Many Real world applications involve visual perception rather than structured low-dimensional state inputs. However, learning from high-dimensional pixel observations is computationally expensive and sample-inefficient using traditional RL approaches.
Pixel-Based DreamerV2 solves this by:
- Using a Convolutinal Encoder to transform high-dimensional images into compact latent representations.
- Performing all planning and policy optimization in the latent space, drastically reducing computational complexity
- Learning a latent transition model to enable efficient imagination-based planning

**Real-World Applications:**
- Robotics: Manipulation, Navigation, and Control
- Autonomous Driving: Perception, Planning, and Control
- Games: Atari, Mujoco, and other environments

## Background

- **Latent Representation Learning**
CNN-based encoder maps raw images $x_t$ into a low-dimensional latent vector $z_t$. The policy is trained using latent-space trajectories, reducing the burden of raw pixel learning.
- **Recurrent State Space Model (RSSM)**
Uses a stichastic latent state $z_t$ and a deterministic recurrent state $h_t$ to predict future states, handles uncertainty and long-term dependencies using GRUs/LSTM.
- **Policy Optimization in Latent Space**
Instead of acting directly on images, the policy and value function operate in the latent state space. This significantly improves sample efficicency and reduces policy overfitting.
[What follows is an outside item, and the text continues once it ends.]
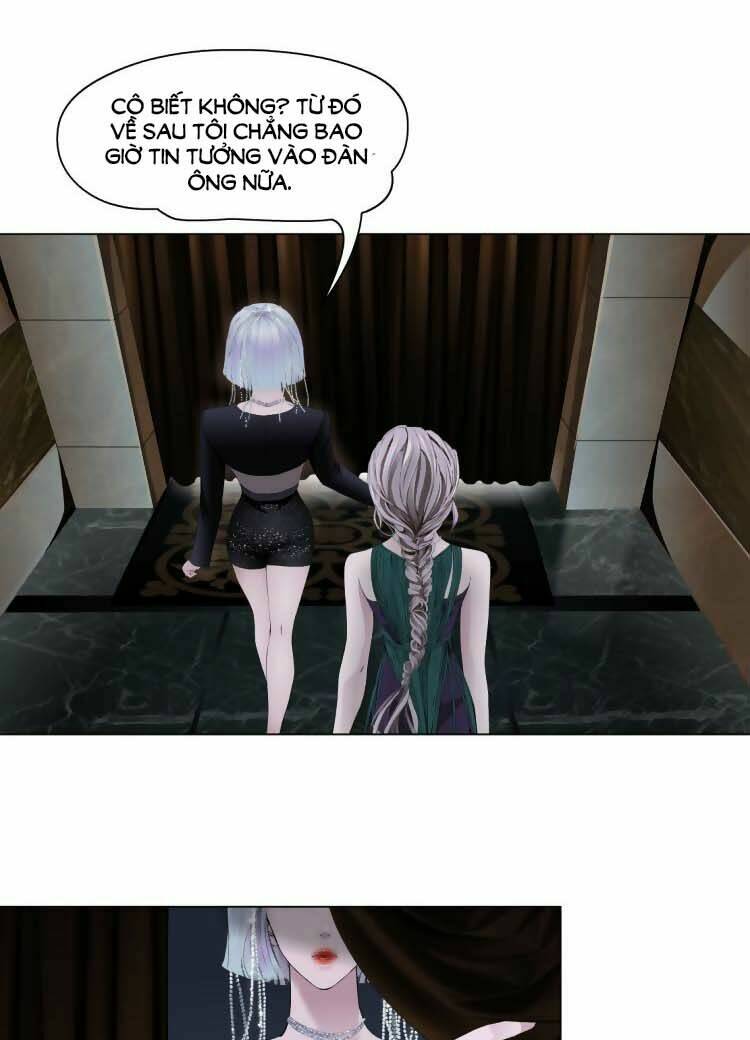 Đằng Nữ Chapter 11 - Trang 2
## Theoretical Explanation

### Latent-Space encoding
At each timestep t, the image observation $x_t$ is encoded into a latent vector $z_t$:
$$z_t = CNNEncoder(x_t)$$
The encoder is trained to capture the relevant information in the image, such as object positions, colors, and textures.
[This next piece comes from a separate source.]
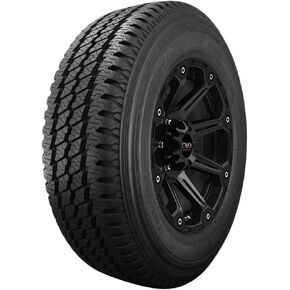 Bridgestone Duravis M700HD All Terrain Commercial Light Truck Tire LT265/70R17 121 R E,206276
### RSSM Latent Transition
The deterministic and stochastic state updates:
$$h_t =f(h_{t-1}, z_{t-1}, a_{t-1})$$
$$z_t \sim q(z_t|h_t,x_t)$$
The deterministic state $h_t$ is updated using the previous state $h_{t-1}$, the latent vector $z_{t-1}$, and the action $a_{t-1}$. The stochastic state $z_t$ is sampled from the latent transition model $q(z_t|h_t,x_t)$.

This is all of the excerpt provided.